The importance of evaluating these two programs is to discover problems and additional requirements early to prevent more serious issues that may arise later in their use. Through evaluation, stakeholders can determine which assessment programs to continue and which ones to end (IAR, 2011). Critical evaluation of these programs will ensure quality and build client confidence about purchasing, or using the assessment procedure. Effective assessment will assist the users to prioritize resources by identifying program components that are most effective or critical (IAR, 2011).
The evaluation of Instructional Assessment Resources (IAR) should ensure that students attain self assessment which will in turn help students to develop critical reflection as they have to evaluate their own and other students work. IAR does not provide the opportunity for students to learn responsibility towards others via assessment and to learn to make critical judgments. Frankland (2007) says that an assessment process such as IAR should play a fundamental role in all aspects of learning where individuals and groups have to be accountable for their work. IAR should enable students to grow their ability to be realistic judges of their own performance and the ability to monitor their own learning.
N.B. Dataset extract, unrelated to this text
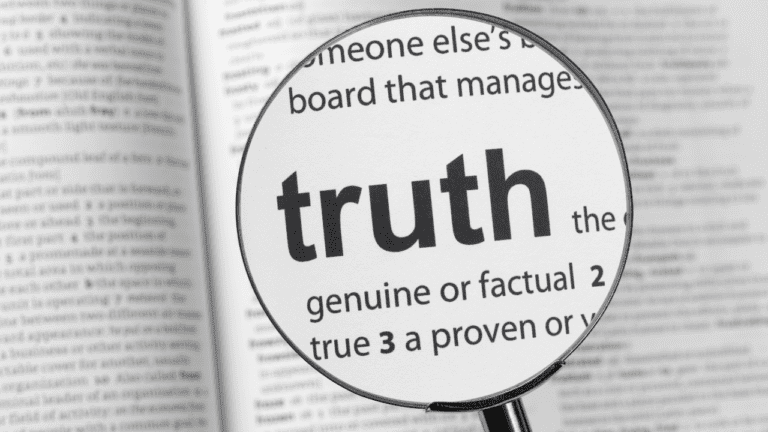 The Raw Truth About Referrals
In order to be more effective, IAR should involve learners in the assessment of self development and learning. This will motivate them to think about what had been learnt to a certain point, where the gaps are, and how to fill up or minimize the gaps (Frankland, 2007). The assessment process should introduce the concept of individual judgment to students and ensure effective communication among teachers and peers. Carless, Joughin & Li (2007) noted that assessment processes should lead to both the award of a reliable grade and contribute to productive student learning.
The major challenge of IAR is that students spend too much time being tested and lack enough time in productive learning. The key stakeholders in these two learning processes should note that learning is much more than the accumulation of grades. On the other hand, NAEP does not give students motivating assessment activities which involve them in productive learning experiences. Therefore, NAEP assessment process is likely to lead to better student grades because it involves students actively in the assessment, engages them with standards and encourages them to monitor and improve their own work.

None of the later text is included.